Y todo esto viene a cuento de la nueva novela de Josefa Molina Rodríguez titulada “Ideales perdidos” (Multiverso, 2020) en donde un grupo de estudiantes (Ana, Merche, Sebastián, Miguel, Lidia y Claudia) participan en los años sesenta del pasado siglo en las luchas antifranquistas abrazando los ideales utópicos promovidos por la izquierda española hasta que, ya en la democracia, terminan sus estudios y se produce en ellos un proceso de aburguesamiento y consumismo que les integra en el sistema capitalista al que pretendían cambiar. Cada uno de ellos se va sumergiendo en sus profesiones y en los rutinarios deberes familiares distanciándose cada vez más de los sentimientos épicos que les movilizaron en aquellos febriles momentos que recuerdan años más tarde con discreta nostalgia como lo más memorable de sus existencias. No es el caso de una de las dos protagonistas principales que sigue pensando que “contra Franco vivíamos mejor” (Vázquez Montalbán). En este contexto se reanuda una antigua relación amorosa iniciada entre Lidia y Claudia pero que se va haciendo tormentosa con alternancias de encuentros y desencuentros que provocarán multiplicidad de sensaciones desde el dolor, la soledad, la felicidad momentánea, la frustración o la desconfianza. El momento álgido llega cuando después de una serie de peripecias no exentas de tensión, se desvela el misterio de una de ellas implicada en una intrigante trama de espionaje internacional que conspira contra las democracias occidentales para la instauración de un sistema dictatorial inspirado en el nacionalsocialismo alemán de los años 30-40 del pasado siglo. Dicha red está conformada por personas e idearios con dosis suficientes de mesianismo y fanatismo que las convierte en peligrosas porque para ellos el fin sí justifica los medios.
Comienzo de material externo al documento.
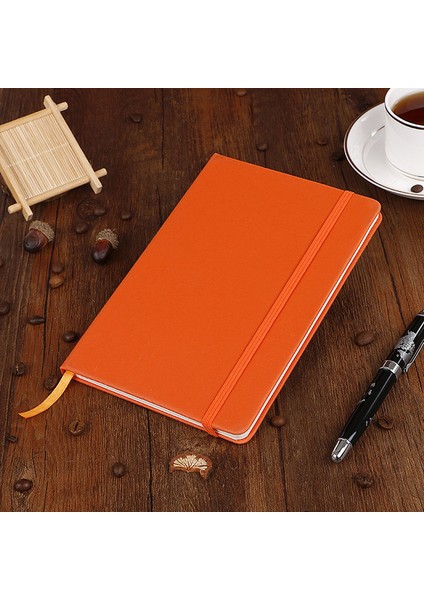 Turuncu 26X18 A5 Bullet Defter Dergisi Kırtasiye Malzemeleri Retro Elastik Bandaj Ciltli Düz Renk Mürekkep Geçirmez Kalın Kağıt Günlüğü Ofis (Yurt Dışından)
La arquitectura del relato es una exaltación a la austeridad de recursos. Pero eso no que quita para calificar la historia contada como ágil y efectiva sin dejar de ser a la vez original y atractiva. Su autora no se pierde en rodeos académicos ni en efectos especiales para añadir ritmo a una intriga que tiene per se velocidad de crucero. Sus descripciones psicológicas son las justas y va al grano a la hora de narrar episodios que transcurren en escenarios paisajísticos reconocibles con una inusual economía de trazos. Por eso la lectura de este librito estimula rápidamente el interés por saber qué está pasando y qué va a suceder a continuación. El final es sorpresivamente inesperado al mostrársenos unos episodios que amalgaman acción y sobreinformación en cascada que, en suma, consiguen entretener, divertir y abrir la imaginación del lector que es la finalidad básica de toda literatura que se precie; sobre todo ahora en este verano tan especial después del claustrofóbico confinamiento.
Por todo lo expuesto creemos que hay sobradas razones para recomendar la lectura de “Ideales perdidos” al tiempo que le damos la enhorabuena a su autora y la animamos a seguir surfeando en las esquivas musas para nuevos proyectos.
Ramón Díaz Hernández, catedrático de Geografía Humana en la Universidad de Las Palmas de Gran Canaria.